Add optional pre-fetching of paginate results

Fix #145
datastax · Jan 1, 2024 · 5c92836 · 5c92836
1 parent 6a83a1e
commit 5c92836
Show file tree

Hide file tree

Showing 3 changed files with 109 additions and 23 deletions.
diff --git a/astrapy/db.py b/astrapy/db.py
@@ -12,9 +12,13 @@
 # See the License for the specific language governing permissions and
 # limitations under the License.
 from __future__ import annotations
+
+import asyncio
 import logging
 import json
+import threading
 from functools import partial
+from queue import Queue
 from types import TracebackType
 from typing import (
     Any,
@@ -252,36 +256,69 @@ def vector_find(
 
     @staticmethod
     def paginate(
-        *, request_method: PaginableRequestMethod, options: Optional[Dict[str, Any]]
+        *,
+        request_method: PaginableRequestMethod,
+        options: Optional[Dict[str, Any]],
+        prefetched: Optional[int] = None,
     ) -> Iterable[API_DOC]:
         """
         Generate paginated results for a given database query method.
         Args:
             request_method (function): The database query method to paginate.
-            options (dict): Options for the database query.
-            kwargs: Additional arguments to pass to the database query method.
+            options (dict, optional): Options for the database query.
+            prefetched (int, optional): Number of pre-fetched documents.
         Yields:
             dict: The next document in the paginated result set.
         """
         _options = options or {}
         response0 = request_method(options=_options)
         next_page_state = response0["data"]["nextPageState"]
         options0 = _options
-        for document in response0["data"]["documents"]:
-            yield document
-        while next_page_state is not None:
+        if next_page_state is not None and prefetched:
+
+            def queued_paginate(
+                queue: Queue[Optional[API_DOC]],
+                request_method: PaginableRequestMethod,
+                options: Optional[Dict[str, Any]],
+            ):
+                try:
+                    for row in AstraDBCollection.paginate(
+                        request_method=request_method, options=options
+                    ):
+                        queue.put(row)
+                finally:
+                    queue.put(None)
+
+            queue = Queue(prefetched)
             options1 = {**options0, **{"pageState": next_page_state}}
-            response1 = request_method(options=options1)
-            for document in response1["data"]["documents"]:
+            t = threading.Thread(
+                target=queued_paginate, args=(queue, request_method, options1)
+            )
+            t.start()
+            for document in response0["data"]["documents"]:
                 yield document
-            next_page_state = response1["data"]["nextPageState"]
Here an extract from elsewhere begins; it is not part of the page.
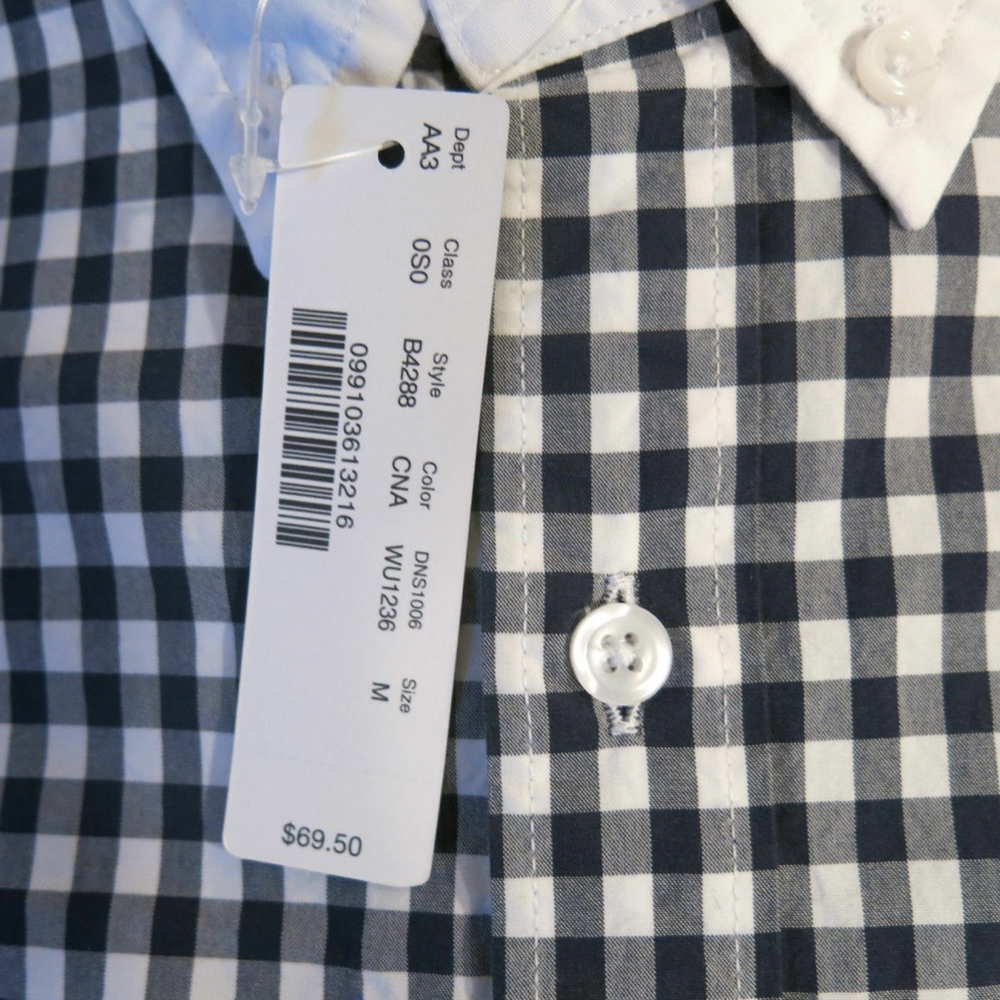 J.Crew Men's Slim Shirt Navy Gingham XS S M L XL - Picture 2 of 4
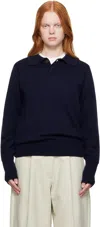 Studio Nicholson Blue Solid Shirt Collar Sweater In Blue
+            doc = queue.get()
+            while doc is not None:
+                yield doc
+                doc = queue.get()
+            t.join()
+        else:
+            for document in response0["data"]["documents"]:
+                yield document
+            while next_page_state is not None and not prefetched:
+                options1 = {**options0, **{"pageState": next_page_state}}
+                response1 = request_method(options=options1)
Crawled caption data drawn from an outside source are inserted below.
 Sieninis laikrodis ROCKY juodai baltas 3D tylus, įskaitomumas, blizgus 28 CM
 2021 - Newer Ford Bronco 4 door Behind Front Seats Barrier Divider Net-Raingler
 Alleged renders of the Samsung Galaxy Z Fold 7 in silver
+                for document in response1["data"]["documents"]:
+                    yield document
+                next_page_state = response1["data"]["nextPageState"]
 
     def paginated_find(
         self,
         filter: Optional[Dict[str, Any]] = None,
         projection: Optional[Dict[str, Any]] = None,
         sort: Optional[Dict[str, Any]] = None,
         options: Optional[Dict[str, Any]] = None,
+        prefetched: Optional[int] = None,
     ) -> Iterable[API_DOC]:
         """
         Perform a paginated search in the collection.
@@ -290,6 +327,7 @@ def paginated_find(
             projection (dict, optional): Specifies the fields to return.
             sort (dict, optional): Specifies the order in which to return matching documents.
             options (dict, optional): Additional options for the query.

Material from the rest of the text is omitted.